As for why have 23905 posts files and not 22.1k, I have no clue, that's pre-importer, that's exporter phase.About converting the content:
By default, the importer does not touch the content, however, there is a config setting called 'convert', you can set it to either '"convert": "bbcode-to-md"
OR
"convert": "html-to-md"` and it will convert accordingly, but keep in mind 2 things:- it will impact the importer performance, and make it slower than what it already is
- the conversion is not perfect, some thing might slip through,
In your case, since you would need
bbcode-to-md
and since @psychobunny didn't do much you can these 2 things together:- use the
"convert": "bbcode-to-md"
as my conversion function covers more ground then psychobunny's, no offense, but still doesn't cover everything... - go to http://localhost:4567/admin/plugins/markdown and disable the
Sanitize HTML
option, if that solves the HTML sanitization, you can use nodebb-plugin-sanitizehtml in production to stay safe. WARNING I haven't tested this plugin for a long time, and it's probably broken__ but I will try to get it up to date ASAP.
-
so I used the
bb-to-markdown
config and tested a run down on your data, took 10.9 minutes, then disabled the SanitizeHTML, and it looks like the content got much better, but not enough... looks like my bbToMarkdown function is not that great, ... it was based off of https://github.com/feralhosting/BBCode-To-Markdown-Converter anyways.I saw somewhere that you are using phpbb3, could by any chance the bb code be different in format? I am not a BBCode guy, so I would need some else's opinion on how to convert that to markdown
-
I saw somewhere that you are using phpbb3, could by any chance the bb code be different in format? I am not a BBCode guy, so I would need some else's opinion on how to convert that to markdown
I wrote this for phpBB2, not sure if its different for phpBB3. I could probably write another set of regexes for phpBB3 if I know all the possible cases
-
@bentael Hey buddy, I will try and find the logs, but I'm not sure where to look for them. I will try and repro today if I can't find. I remember what I did last time more or less. (Didn't uncomment that code for a start )

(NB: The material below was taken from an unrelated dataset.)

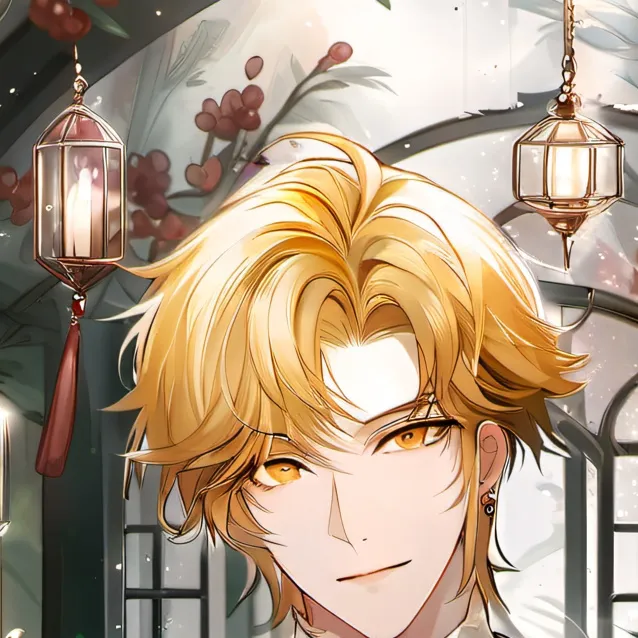 chat with ai character: Bright(sun prince)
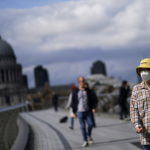 Βρετανία-Kορωνοϊός: Οι θάνατοι από COVID-19 ξεπέρασαν τους 53 χιλιάδες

Turning off Sanitize HTML did fix a lot of the formatting, but as you suspected your plugin is out of date for latest version of NodeBB. Performance isn't a huge issue for me, I can leave it running if needs be, but I do have quite a few custom bbcode strings that I've added myself which I may tackle before I export from SMF.

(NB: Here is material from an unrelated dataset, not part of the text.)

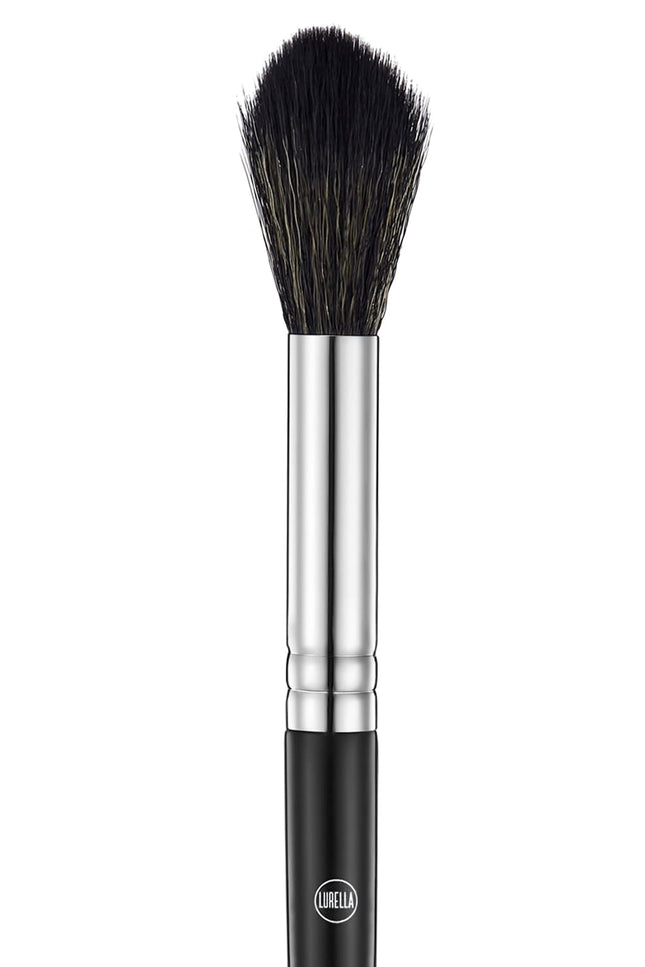 Lurella Cosmetics - Tapered Highlight Brush - LC08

I'm cracking on with a new node now, so I'll let you know how I get on with newer data. Few hundred more posts and a bit more knowledge.
I don't think the BBcode has changed from exporting from SMF to PHPBB3. Fortunately, most of my embeds are soundcloud based. And all I need to do with them is completely remove all the
[soundcloud]
bbcode in posts. Which I can do from phpmyadmin before I import it into PHPbb so I'm only left with the URL, which the nodebb plugin already supports. -
@a_5mith https://github.com/akhoury/nodebb-plugin-sanitizehtml now supports NodeBB 0.4.x,
you're welcomeThere is an "Advanced Option" that lets you write your own JavaScript to mutate the content of each post/signature, say you want to do something custom with each, enjoy the power.